Manufacturers under pressure as weak demand dampens confidence in early 2026, Absa survey

Siphelele Dludla|Published

According to the latest Absa Manufacturing Survey for the first quarter released by Absa Business Banking, the sector’s headline confidence index dropped by nine points to 30, signalling a marked deterioration in sentiment compared to the previous quarter.

Image: Supplied

South Africa’s manufacturing sector has entered 2026 on a subdued footing, with declining demand and falling sales volumes weighing heavily on business confidence despite pockets of resilience and optimism for the year ahead.

According to the latest Absa Manufacturing Survey for the first quarter released by Absa Business Banking, the sector’s headline confidence index dropped by nine points to 30, signalling a marked deterioration in sentiment compared to the previous quarter.

This is in line with StatsSA’s manufacturing production for January 2026 as it indicated that activity decreased by 0.7% year-on-year in January.

The latest S&P Global South Africa Purchasing Managers’ Index (PMI) also showed that manufacturing and broader private sector activity remained in a holding pattern in February, as weak demand and declining sales offset gains from easing cost pressures and a modest rebound in employment.

Absa said the decline reflects widespread weakness across key indicators, including domestic and export sales, new orders and selling prices.

The survey highlights a sharp contraction in demand conditions. Domestic sales fell by 14 index points, while export sales declined by 16 points. Even more concerning was the steep drop in new orders, with domestic orders down 22 points and export orders plunging by 27 points.

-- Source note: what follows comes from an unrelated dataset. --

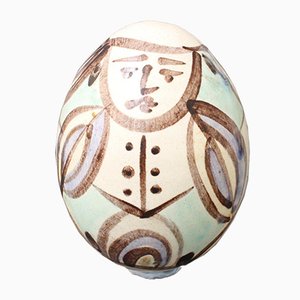 Huevo de Pascua de cerámica de Atelier Madoura, años 60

“The glimmer of hope that emerged during the last quarter of 2025 was short-lived, despite the many positive macro factors such as a stronger exchange rate, lower inflation rates and fuel prices supporting the local operating environment,” said Sachin Chanderdhev, sector specialist for manufacturing at Absa Business Banking.

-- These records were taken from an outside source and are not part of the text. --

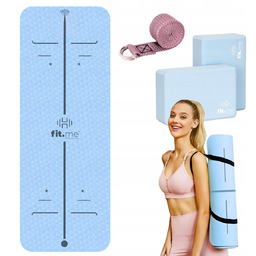 Zestaw Mata Do Jogi Antypoślizgowa Ze Wzorem Komfortowa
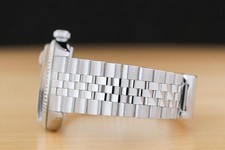 ROLEX DATEJUST 1601 18K GOLD STEEL GRAY DIAL WATCH w/ ROLEX FOLDED BRACELET 5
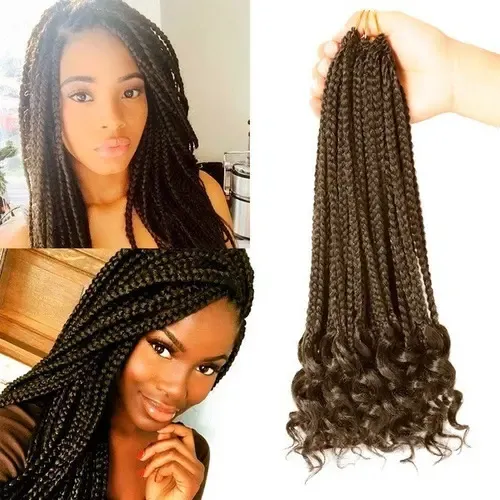 trança solta com linha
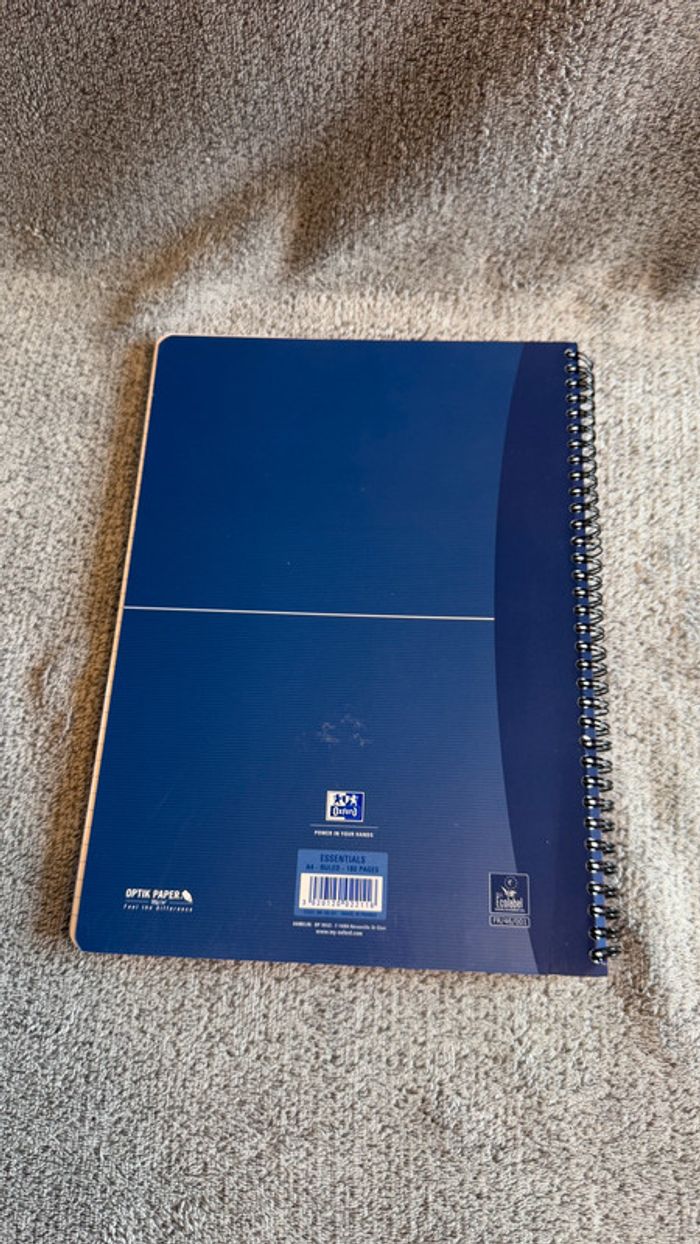 Cahier Oxford A4 spirales lignes - photo numéro 5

“The findings underscore the fact that our manufacturing sector participates on a global stage and is therefore not immune to external shocks, with global players looking to redefine trading partners following the implemented tariffs and global market uncertainty. The decline in export activity experienced since last year is creating longer term strain on the sector.”

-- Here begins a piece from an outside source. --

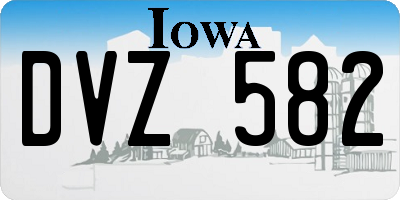 IA license plate DVZ582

While the decline in confidence was broad-based across most subsectors, there were a few notable exceptions.

The transport manufacturing segment showed a modest improvement, with its index rising to 26 from 19 in the previous quarter. Similarly, the food and beverage sector recorded an uptick in export sales. However, both sectors reported significantly lower selling prices, indicating that gains in volume may be coming at the expense of profitability.

Chanderdhev said more manufacturers are re-thinking their energy mix to combat rising electricity tariffs, while others are looking to adopt new technologies to improve throughput and efficiency.

“Unlocking efficiency, removing unnecessary cost andrunning lean operations are critical to remain competitive in an unpredictableoperating environment,” Chanderdhev said.

“In addition to investing in renewable energy, clients are also looking to improve their water security with storage, recycling and water backup solutions. These investments aim to reduce operating costs, manage infrastructure-related risks and strengthen long-term competitiveness.”

One of the emerging challenges highlighted by respondents is the growing impact of cheaper imports on local producers. Increased competition from international markets is eroding domestic demand, forcing manufacturers to reassess their pricing strategies and operational efficiencies.

Despite these headwinds, there are signs that the sector is adapting to the changing landscape. Many manufacturers are actively investing in new technologies and alternative energy solutions to improve efficiency and reduce costs.

The survey points to a notable 18-point increase in the index for expected fixed investment over the next 12 months, suggesting that businesses are positioning themselves for a potential recovery.

“Even though the operating environment remains difficult, manufacturers continue to demonstrate resilience,” adds Chanderdhev.

Energy resilience has become a key focus area, with firms exploring renewable energy options to mitigate rising electricity tariffs and reduce reliance on an unstable power grid. In addition, companies are investing in water security measures such as storage, recycling and backup systems to address infrastructure-related risks.

Encouragingly, some structural constraints appear to be easing. Respondents reported slight improvements in short-term interest rates and the general political climate, which could support a more stable operating environment in the months ahead.

While the current outlook remains challenging, the survey underscores the resilience of South Africa’s manufacturing sector. Absa said businesses are increasingly adopting lean operating models, cutting unnecessary costs and seeking innovative ways to remain competitive in an uncertain global market.